Posted: Mon Oct 26, 2020 4:21 pm
by krulle
Should've reloaded the page before amending my post.

You saw the same as I did, and I already corrected myself while I had this tab with the outdated post open in the background.

Re: Sequels strife

Posted: Wed Jan 06, 2021 5:34 pm
by Borgie
Forgive me if this was already made clear: is renaming "Ghosts of the Precursors" due to legal issues (or even because it links to the lawsuit) or because they just didn't like the name?

As for "help with technology", that's extremely vague (and probably on purpose). Technology could be game-engine technology. Or development tools (my guess). Or even computer hardware (this seems unlikely to me). Even dev tools are a vast in scope. Summary: We have no clue what it could mean, unless F&P/Brad have given out more hints.

My own opinion about F&P making no progress... doing nothing with your property doesn't mean it belongs to someone else. As much as I'd love for F&P to make the sequel, we can't just say "you took too long, now it's mine". That's now how ownership of property works. I'm sure there are some legal nuances here, for or against. Once again, my opinion.

Also, Happy New Year everyone!

Re: Sequels strife

Posted: Wed Jan 06, 2021 6:38 pm
by Elestan
Borgie wrote: Wed Jan 06, 2021 5:34 pmForgive me if this was already made clear: is renaming "Ghosts of the Precursors" due to legal issues (or even because it links to the lawsuit) or because they just didn't like the name?
It's due to legal issues; Stardock was claiming that they had associated the name with Stardock's trademark, and therefore couldn't use it.

Stardock might or might not have won that argument if it had gone to court, but regardless, it was something P&F chose to concede in the settlement.

Re: Sequels strife

Posted: Thu Jan 07, 2021 1:47 pm
by Draxas
Borgie wrote: Wed Jan 06, 2021 5:34 pmMy own opinion about F&P making no progress... doing nothing with your property doesn't mean it belongs to someone else. As much as I'd love for F&P to make the sequel, we can't just say "you took too long, now it's mine". That's now how ownership of property works. I'm sure there are some legal nuances here, for or against. Once again, my opinion.
You're right that it doesn't work this way. However, if that interval of doing nothing is long enough (though I'm not sure how long exactly, but I think it's something like 75 years?), there is an argument to be made that the work is now public domain and anyone can use it freely. I'm not sure video games as a medium are even old enough to qualify yet, so that's not really a risk. Trademarks, however, I think will lapse much more quickly (though again, I don't know the specifics and can't even guess in this case).

Re: Sequels strife

Posted: Thu Jan 07, 2021 2:52 pm
by Elestan
Draxas wrote: Thu Jan 07, 2021 1:47 pmif that interval of doing nothing is long enough (though I'm not sure how long exactly, but I think it's something like 75 years?), there is an argument to be made that the work is now public domain and anyone can use it freely.
In the U.S., copyright for joint works or works for hire (which would include SC) lasts for 95 years after first publication. So there's a long time to go.
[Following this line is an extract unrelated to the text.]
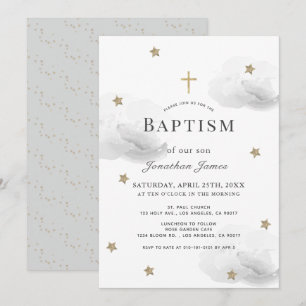Guld Stars & Grått Clouds Gender-Neutralt Baptism Inbjudningar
I would actually prefer that copyright be considerably shorter, but that's what we have right now.

Trademarks need to be renewed every ten years, but the company must keep then in use, or show at least an intent to use them, and has an obligation to defend them (i.e. keep other people from using them), or else they become vulnerable. One of the arguments in the court case was that Atari had neglected the use of the trademark for so long that it lapsed before Stardock bought it.

Re: Sequels strife

Posted: Fri Jan 08, 2021 9:50 am
by krulle
Copyright for 95 years, lex Disney. (Otherwise the original Mickey Mouse (as depicted in Steamboat Willy) would've become public domain.
The US is an exception for that. (https://en.wikipedia.org/wiki/Copyright ... es#History )

It's unusual that a character is being used commercially and successfully over such a long time.
Usually the creator would've been dead and not receive the income anymore.
But ownership by corporations changed that.